MatriFocus, a Cross-Quarterly eZine for Goddess Women Near & Far
As the warm, golden colors and crisp air of autumn descend upon us, I bid farewell to departing migrant birds while my thoughts turn to the resident species that will tough out another Wisconsin winter. Every fall I struggle with the same question: Should I put out my bird feeders this year? Or maybe just the suet cages? Or should I trust nature to provide sustenance for my feathered friends? Making this decision is difficult for many reasons.
On the one hand, I love to attract birds to places in my yard that are visible from living room and kitchen windows. I don't mind working in the kitchen if I have busy songbirds to entertain me. And I can't think of a better way to spend a blustery January morning than to lounge on the couch with a cup of hot tea and watch black-capped chickadees perform upside-down acrobatics as they make their selection of seed.
On the other hand, putting up feeders is like signing a contract because the birds become dependent on this food source for survival. The commitment is a long one, extending from the moment the feeders are in place until the warm spring breezes nudge dormant insect prey back to life. Seed and/or suet must be available at all times during daylight hours throughout the winter months. If I leave the feeders empty for just a day--or even a half day--many birds could starve to death. Their small bodies and fast metabolisms require replenishment almost hourly. They also need to build up fat stores in each in order to keep warm through long winter nights and still have enough energy to fuel their early morning search for food. In fact, availability of seed at first morning light is vital for birds to quickly replace their depleted energy stores. Never should my feeders be empty at this or any time of the day.
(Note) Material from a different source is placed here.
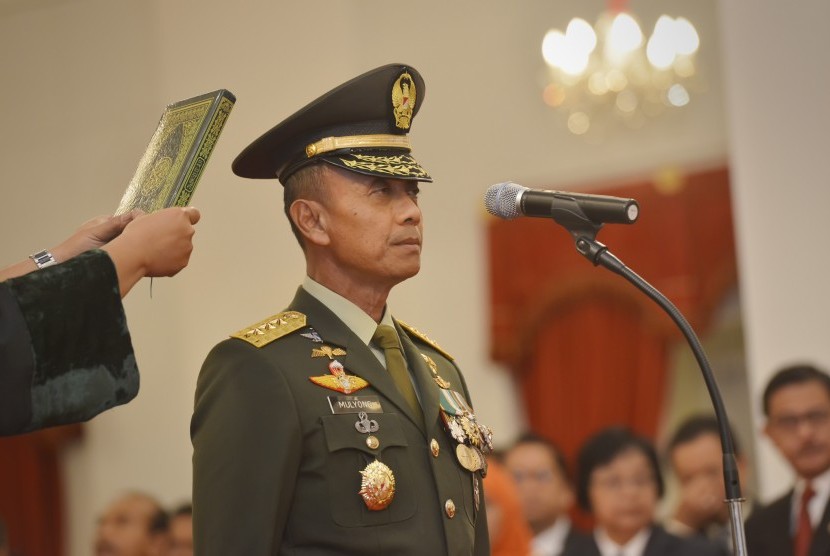 Kepala Staf Angkatan Darat (KSAD) Letnan Jenderal TNI Mulyono mengucapkan sumpah jabatan saat pelantikan yang dipimpin Presiden Joko Widodo di Istana Merdeka, Jakarta, Rabu (15/7).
So, if making food available helps with bird survival, what's the dilemma? Well, if I escape for a weekend to the city (which happens often during the winter), I must find a willing neighbor to fill feeders and hang new suet in my absence. Without a commitment from a neighbor at the start of the season, my feeders will remain on a shelf in the garage. I will trust that birds will find food in nearby wetlands and will visit feeders in other folks' yards rather than take the risk that empty feeders will lead to their demise.
Say I find a conscientious, bird-loving neighbor. Now I can hang a feeder from every tree in the yard, right? Ah, if only my decision was that simple! Although providing food for winter residents promotes survival of desirable species such as white- breasted nuthatches, American goldfinches, downy and hairy woodpeckers, and (my favorite) black-capped chickadees, other undesirable species may also benefit. Non-native species such as English house sparrows and house finches love to visit birdfeeders. These are aggressive birds that can out-compete our native songbirds for seed at the feeder as well as for nesting sites in the spring.
Depending on the type of feeder I put out, I might also attract known nest predators like the blue jay. Although blue jays are native to Wisconsin, they still pose a very serious threat to birds that build open-cup nests. Once confined to forest edge habitats, blue jay numbers were partly kept in check by built-in defenses of other edge songbirds against their voracious predation. Our conversion of grasslands and forests to suburban or park-like yards has created more edge-like habitat in which blue jay populations have thrived. Eastern kingbirds, grassland sparrows, thrushes, vireos, and wood warblers are particularly vulnerable to a blue jay's predatory skills for they build open-cup nests and lack the defense systems necessary to ward off this efficient nest-raider.
Here again I wrestle with the pros and cons. How can I aid my beloved backyard birds while preventing harmful non-native species and nest-predators from reaping the rewards? Fortunately, some nifty, new feeder designs have become available in recent years. The one I like best is the upside-down thistle feeder because its dispensing holes are located beneath the perches. In order to retrieve seeds, birds must be able to feed while hanging upside-down from the perch--a feat that is a snap for goldfinches and pine siskins but is beyond the physical limitations of house sparrows, house finches, and blue jays!
Placing one or two upside-down feeders in my yard only solves part of the problem. Other desirable species, such as chickadees and nuthatches, do not eat thistle while larger birds like woodpeckers do not feed upside down. Hanging suet in wire cages or in mesh bags will serve as an important supplemental protein source for these birds. An upside-down sunflower feeder would round-out chickadee and nuthatch diets, but I do not know of any that are commercially available. (The dispenser holes on thistle feeders are too small for sunflower seeds to pass through.) I have thought about making my own feeder using a discarded 2-liter soda bottle, an exacto knife, and two or three wooden dowels, but have yet to give it a try.
To feed or not to feed? The snow will be flying before too long. I had better make up my mind soon. Perhaps this is a good year to try that soda bottle feeder. It might provide just the excuse I need to loaf on the coach this January. Before I do that, I must get my new winter roost houses up, to keep my feathered friends warm!